Hi All! It’s Becky, again. I was super excited when I received the audiobook of Thirteen Doorways, Wolves Behind Them All through Overdrive. I had high expectations for this book and it almost lived up to my expectations. Here are my thoughts:
Title: Thirteen Doorways, Wolves Behind Them All
Author: Laura Ruby
Note: I listened to the audiobook.
Summary: During World War II Frankie is abandoned along with her sister in an orphanage when her father remarries and moves across the country. Frankie quickly learns how little she and other women are valued in society. Frankie experiences disappointment and heartbreak as she moves through adolescence. Her journey into adulthood is observed by a ghost who learned the same lesson many years before except her learning ended in tragedy.

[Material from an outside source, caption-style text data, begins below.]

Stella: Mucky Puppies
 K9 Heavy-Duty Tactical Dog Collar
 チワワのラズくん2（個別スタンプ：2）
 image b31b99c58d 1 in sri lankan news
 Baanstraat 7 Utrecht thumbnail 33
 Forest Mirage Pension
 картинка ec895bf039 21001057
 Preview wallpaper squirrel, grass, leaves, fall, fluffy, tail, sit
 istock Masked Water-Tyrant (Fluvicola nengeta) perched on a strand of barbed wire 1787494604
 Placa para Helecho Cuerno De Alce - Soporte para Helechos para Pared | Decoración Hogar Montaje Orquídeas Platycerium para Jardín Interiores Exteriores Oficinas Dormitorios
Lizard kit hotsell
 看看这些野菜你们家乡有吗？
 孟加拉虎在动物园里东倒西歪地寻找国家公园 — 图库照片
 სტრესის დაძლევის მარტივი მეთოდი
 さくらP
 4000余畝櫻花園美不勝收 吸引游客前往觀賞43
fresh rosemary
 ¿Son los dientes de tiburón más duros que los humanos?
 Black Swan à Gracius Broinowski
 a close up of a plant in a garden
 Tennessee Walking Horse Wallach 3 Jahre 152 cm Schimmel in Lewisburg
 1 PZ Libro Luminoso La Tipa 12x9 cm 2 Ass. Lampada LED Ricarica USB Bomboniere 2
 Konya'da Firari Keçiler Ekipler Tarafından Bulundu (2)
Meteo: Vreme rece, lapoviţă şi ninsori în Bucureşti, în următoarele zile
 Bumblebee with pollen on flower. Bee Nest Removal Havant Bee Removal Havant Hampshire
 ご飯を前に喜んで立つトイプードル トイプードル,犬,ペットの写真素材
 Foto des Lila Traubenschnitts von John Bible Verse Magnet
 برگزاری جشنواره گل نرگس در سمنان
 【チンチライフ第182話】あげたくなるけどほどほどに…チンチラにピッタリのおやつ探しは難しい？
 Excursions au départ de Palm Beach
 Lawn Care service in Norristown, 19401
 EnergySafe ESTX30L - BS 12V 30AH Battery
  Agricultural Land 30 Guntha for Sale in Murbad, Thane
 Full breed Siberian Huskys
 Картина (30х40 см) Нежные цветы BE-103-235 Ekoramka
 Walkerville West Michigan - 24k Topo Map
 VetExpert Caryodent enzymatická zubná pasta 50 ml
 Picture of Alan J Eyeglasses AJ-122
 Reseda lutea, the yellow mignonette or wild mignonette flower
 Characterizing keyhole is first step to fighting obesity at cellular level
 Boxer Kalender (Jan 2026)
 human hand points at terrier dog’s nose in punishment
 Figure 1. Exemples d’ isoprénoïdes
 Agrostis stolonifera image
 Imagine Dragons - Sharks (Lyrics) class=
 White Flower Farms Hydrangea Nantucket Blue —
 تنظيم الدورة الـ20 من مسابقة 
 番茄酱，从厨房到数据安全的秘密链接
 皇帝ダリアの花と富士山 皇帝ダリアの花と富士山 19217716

Review: Laura Ruby’s Bone Gap is one of my all-time favorite books. I loved its quirky storytelling, characters, and the beautiful way Ruby integrated mythology. You can watch our review here:
I was expecting a similar reading experience when I started Thirteen Doorways, Wolves Behind Them All but, unfortunately, that is not the book I got. First, I have to admit that historical fiction is not my favorite genre. For me to really love a historical fiction it has to really grab me and, unfortunately, Thirteen Doorways, Wolves Behind Them All just didn’t hook me. The book felt like a very straight forward historical retelling that highlights familiar parts of history. Ruby was able to distinguish her story slightly by its examination of the role girls and women played in society. The main character, Frankie, is mistreated and discarded by her father as if she is an unwanted property just because of her sex. She and her sister are abandoned in an orphanage while their brother stays with their father because their father didn’t truly value daughters. She is told that she is only good enough to work in an office and must fight to make any choices in her life. Frankie’s story juxtaposes perfectly with the narrator who is observing the world as a ghost after dying during World War I. Our narrator had similar experiences with her family only valuing her for her ability to marry well. Through those storylines Ruby creates a much-needed discussion about women’s role in society. Ruby also uses the novel to explore the issue of race and racism in the early 1900s. The book touches on the experiences of Chinese immigrants during World War I which doesn’t make it into novels as much as it should and is a needed addition to the world of YA lit. Yet, I never got to the point where I loved this book or the characters. I was never drawn into their world or completely mesmerized by their stories like I was with Bone Gap. I will admit Thirteen Doorways, Wolves Behind Them All is a well-written book and fans of historical fiction will probably really enjoy it, however, I will probably not be revisiting it.